How can we bound the probability that a random variable is maximal?

Question

$\newcommand{\P}{\mathbb{P}}$Suppose we have $N$ independent random variables $X_1$, $\ldots$, $X_n$ with finite means $\mu_1 \leq \ldots \leq \mu_N$ and variances $\sigma_1^2$, $\ldots$, $\sigma_N^2$. I am looking for distribution-free bounds on the probability that any $X_i \neq X_N$ is larger than all other $X_j$, $j \neq i$.

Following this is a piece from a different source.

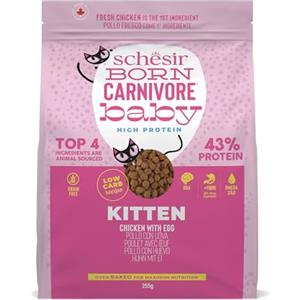 Schesir Born Carnivore Baby, Alimento Secco Completo Per Cuccioli di Gatto, Pollo con Uovo, Alto Contenuto Proteico, Cotto in Forno, Grain Free, 255 g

In other words, if for simplicity we assume the distributions of $X_i$ are continuous (such that $\P(X_i = X_j) = 0$), I am looking for bounds on: $$ \P( X_i = \max_j X_j ) \enspace. $$ If $N=2$, we can use Chebyshev's inequality to get: $$ \P(X_1 = \max_j X_j) = \P(X_1 > X_2) \leq \frac{\sigma_1^2 + \sigma_2^2}{\sigma_1^2 + \sigma_2^2 + (\mu_1 - \mu_2)^2} \enspace. $$ I would like to find some simple (not necessarily tight) bounds for general $N$, but I have not been able to find (esthetically) pleasing results for general $N$.

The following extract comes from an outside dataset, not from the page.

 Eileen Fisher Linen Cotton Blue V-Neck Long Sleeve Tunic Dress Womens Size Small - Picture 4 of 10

Please note that the variables are not assumed to be i.i.d.. Any suggestions or references to related work are welcome.

Update: recall that by assumption, $\mu_j \geq \mu_i$. We can then use the above bound to arrive at: $$ \P(X_i = \max_j X_j) \leq \min_{j > i} \frac{\sigma_i^2 + \sigma_j^2}{\sigma_i^2 + \sigma_j^2 + (\mu_j - \mu_i)^2} \leq \frac{\sigma_i^2 + \sigma_N^2}{\sigma_i^2 + \sigma_N^2 + (\mu_N - \mu_i)^2} \enspace. $$ This implies: $$ ( \mu_N - \mu_i ) \P( X_i = \max_j X_j ) \leq (\mu_N - \mu_i) \frac{\sigma_i^2 + \sigma_N^2}{\sigma_i^2 + \sigma_N^2 + (\mu_N - \mu_i)^2} \leq \frac{1}{2} \sqrt{ \sigma_i^2 + \sigma_N^2 } \enspace. $$ This, in turn, implies: $$ \sum_{i=1}^N \mu_i \P( X_i = \max_j X_j ) \geq \mu_N - \frac{N}{2} \sqrt{ \sum_{i=1}^{N-1} (\sigma_i^2 + \sigma_N^2) } \enspace. $$ I am now wondering whether this bound can be improved to something that does not depend linearly on $N$. For instance, does the following hold: $$ \sum_{i=1}^N \mu_i \P( X_i = \max_j X_j ) \geq \mu_N - \sqrt{ \sum_{i=1}^N \sigma_i^2 } \enspace? $$ And if not, what could be a counterexample?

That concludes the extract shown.